Debunking Dataset Myth

Many people think that datasets are stored internally as XML. What most people need to know is that Datasets are serialized as XML (even when done binary) but that doesn't mean they are stored as XML internally - although we have no easy way of knowing, it's easy to take a look at the memory footprint of datasets compared to XmlDocuments.

I know that if datasets were stored as XML, then in theory, datasets should be larger since BeginLoadData/EndLoadData implies there are internal indexes maintained along with the data.

It's not easy to get the size of an object in memory, but here is my attempt.

long bytecount = System.GC.GetTotalMemory(true);
DataSet1 ds =
new DataSet1();
ds.EnforceConstraints =
false;
ds.Order_Details.BeginLoadData();
ds.Orders.BeginLoadData();
ds.ReadXml("c:\\test.xml");
bytecount = System.GC.GetTotalMemory(
true) - bytecount;
MessageBox.Show("Loaded - Waiting. Total K = " + (bytecount/1024).ToString());

long bytecount = System.GC.GetTotalMemory(true);
System.Xml.XmlDocument xmlDoc =
new System.Xml.XmlDocument();
xmlDoc.Load("c:\\test.xml");
bytecount = System.GC.GetTotalMemory(
true) - bytecount;
MessageBox.Show("Loaded - Waiting. Total K = " + (bytecount/1024).ToString());

I tried these examples with two different xml files - both storing orders & orderdetails out of the northwind database. The first example was the entire result set of both tables. The dataset memory size was approximately 607K. The XmlDocument was 1894K, over 3 times larger. On a second test, I used only 1 record in both the order and order details tables. The dataset in this case took 24K and the XmlDocument took 26K, a small difference.  You will notice that in my dataset example I have turned off index maintenance on the dataset by using BeginLoadData. Taking this code out resulted in a dataset of 669K, an increase of approximately 10%. An interesting note is that if you put in a BeginLoadData and EndLoadData, the net size of the dataset is only 661K. This would imply that leaving index maintenance on during loads is inefficient in memory usage.

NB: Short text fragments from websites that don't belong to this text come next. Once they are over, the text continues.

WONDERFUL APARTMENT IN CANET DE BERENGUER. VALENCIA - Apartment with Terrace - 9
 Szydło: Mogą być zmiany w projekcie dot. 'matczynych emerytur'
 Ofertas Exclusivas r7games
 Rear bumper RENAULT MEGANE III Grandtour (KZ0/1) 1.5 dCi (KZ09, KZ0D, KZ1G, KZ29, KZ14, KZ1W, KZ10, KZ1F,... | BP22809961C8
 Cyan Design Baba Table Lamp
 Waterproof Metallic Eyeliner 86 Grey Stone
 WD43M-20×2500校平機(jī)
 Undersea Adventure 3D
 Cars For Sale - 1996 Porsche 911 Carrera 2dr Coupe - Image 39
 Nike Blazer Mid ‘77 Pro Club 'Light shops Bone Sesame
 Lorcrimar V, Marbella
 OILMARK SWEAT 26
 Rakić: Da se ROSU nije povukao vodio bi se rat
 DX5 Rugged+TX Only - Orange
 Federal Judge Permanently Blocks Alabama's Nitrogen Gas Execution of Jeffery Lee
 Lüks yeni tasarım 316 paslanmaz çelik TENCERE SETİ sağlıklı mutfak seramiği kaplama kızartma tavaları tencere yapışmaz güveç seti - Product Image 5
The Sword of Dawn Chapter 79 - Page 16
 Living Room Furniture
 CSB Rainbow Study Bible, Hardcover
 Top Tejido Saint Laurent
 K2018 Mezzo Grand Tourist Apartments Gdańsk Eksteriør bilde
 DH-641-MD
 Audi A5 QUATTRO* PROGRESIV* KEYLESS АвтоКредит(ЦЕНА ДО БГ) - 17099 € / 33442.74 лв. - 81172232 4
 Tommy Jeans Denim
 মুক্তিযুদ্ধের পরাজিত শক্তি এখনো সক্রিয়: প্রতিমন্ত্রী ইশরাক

The speed of loading from XML is a different story.  Because the XmlDocument delays (I'm assuming) the parsing of the XmlDocument, the time to load of the full dataset from an XML file is 1/3rd of the time to load the DataSet from XML. I would be careful in being too concerned about this. Loading a dataset from a relational source like a DataAdapter that involves no Xml parsing and is much faster.

If you load up Anakrino and take a look at how the Dataset stores it's data, each DataTable has a collection of columns, and each column is in fact a strongly type storage array. Each type of storage array has an appropriate private member array of the underlying value type (integer, string, etc.). The storage array also maintains a bit array that is used to keep track of which rows for that array are null. The bit array is always checked first before going to the typed storage array and returns either null or the default value. That's pretty tight.